# Sage faults



## Dylan

So with a couple of faulty Sage threads going up recently I am sure there are a few beginning to wonder if the predictions of many are coming true and this machine is suffering a higher that usual return/repair rate.

Obviously those buying from Lakeland have a fair amount of peace of mind, but it would be interesting to know how many faults have been experienced so far, and try and gauge how that relates to the total ownership.


----------



## jeebsy

Steamy guage is a pretty minor problem in the grand scheme of things but that poster got a new machine out it.

Plenty of other machine owners have had to unstick valves, do minor repairs etc themselves


----------



## Dylan

jeebsy said:


> Steamy guage is a pretty minor problem in the grand scheme of things but that poster got a new machine out it.
> 
> Plenty of other machine owners have had to unstick valves, do minor repairs etc themselves


These all seem like relatively young machines to be experiencing even minor faults. After all most other established european makes seem very rarely to have even the smallest fault, especially when they are new.


----------



## jeebsy

Dylan said:


> These all seem like relatively young machines to be experiencing even minor faults. After all most other established european makes seem very rarely to have even the smallest fault, especially when they are new.


I don't have any evidence to cite but reckon that's a bit blinkered. There's been a few threads with people phoning BB (for example) and being told to run too remedy small faults themselves rather than send the machine back.


----------



## 7877

Being honest I think this a little unfair.
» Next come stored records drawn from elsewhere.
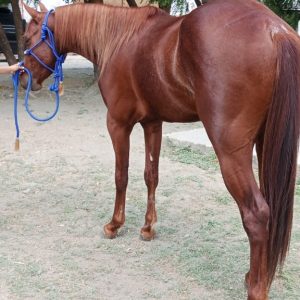 🔥 POTRO CASTAÑO: EL COMIENZO DE UN CAMPEÓN 🐎✨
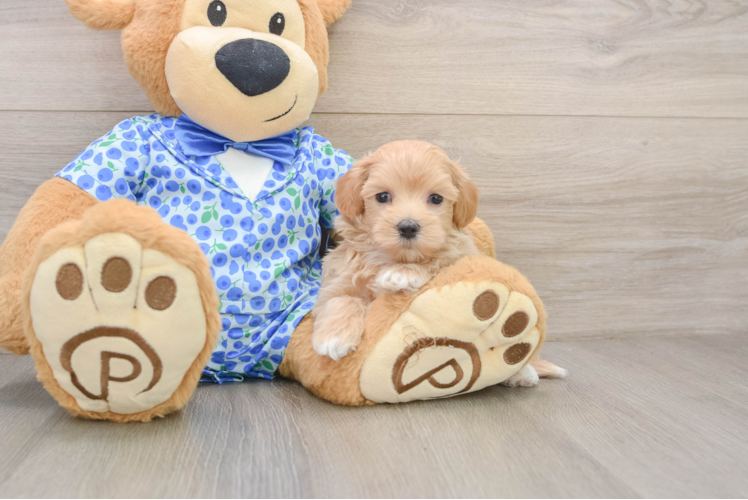 Maltipoo Puppy for Adoption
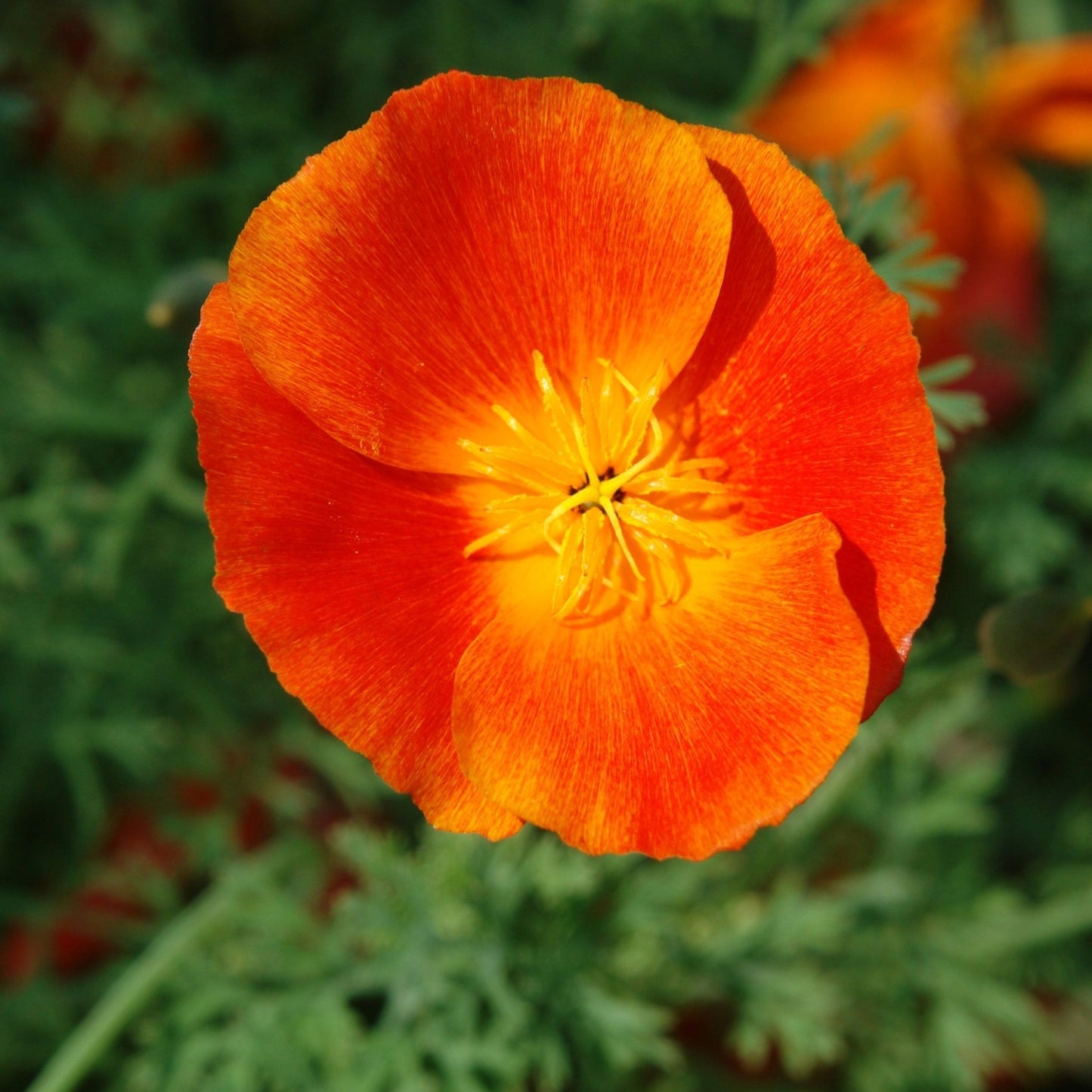 Poppy Seeds - California Red Mikado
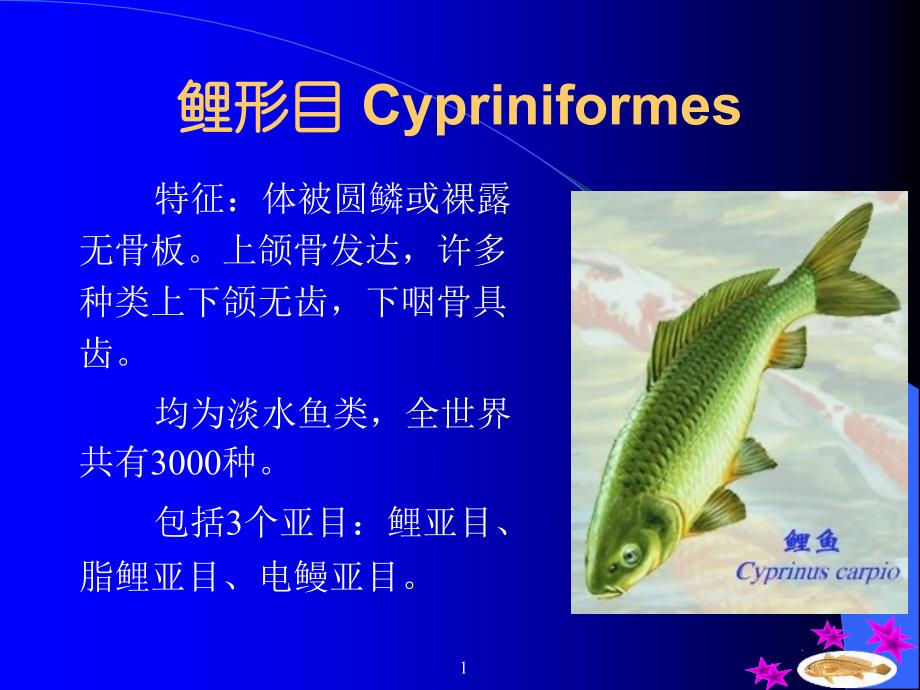 第四总目鲤形总目Cyprinomopha课件_第1页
As you know, the nature of things on Internet forums is that people are looking for help for problems and even opportunity to complain when they are not heard otherwise. I am sure there are many more quiet owners out there who haven't had an issue.

At the end of the day these things come of a production line like most others, and there will be a fail rate target for them I'm sure. Having said that I've not seen anything yet where a machine one of these has totally had it. My pressure gauge condensing up actually didn't effect the machine in operation at all and I'm sure if Sage had come across it before they would have had the part handy to fix it rather than the replacement machine I ended up with. I would be very surprised if quality is much different to any other brand and service certainly seems to balance this out anyway.....speaking of which I still need to book my white glove service!


----------



## Dylan

Thats true Sibling, and actually I do seem to remember there being a problem with the first few Londiniums I think... they are still a relatively new company to the scene.


----------



## jeebsy

El carajillo's quickmill was it?


----------



## CoffeeChris

When white glove service collected my machine (steam boiler had failed) he was very surprised, certainly the first issue regarding that part he had heard of. Can't fault the service though. just hope the pulsing issue can be fixed .

Sent from my HTC One S using Tapatalk


----------



## DavecUK

Dylan said:


> So with a couple of faulty Sage threads going up recently I am sure there are a few beginning to wonder if the predictions of many are coming true and this machine is suffering a higher that usual return/repair rate.
> 
> Obviously those buying from Lakeland have a fair amount of peace of mind, but it would be interesting to know how many faults have been experienced so far, and try and gauge how that relates to the total ownership.


It seems to be a very small number of minor faults to be fair. If you consider how many machines they must be selling and usually people tend to post about problems with machines and not post when there is nothing to post about. Take the Mazzer grinders thread on Coffeegeeek and the Baratza vario thread as an example.....oh sorry, there isn't a Mazzer grinders thread, just a Vario one with over 1000 entries!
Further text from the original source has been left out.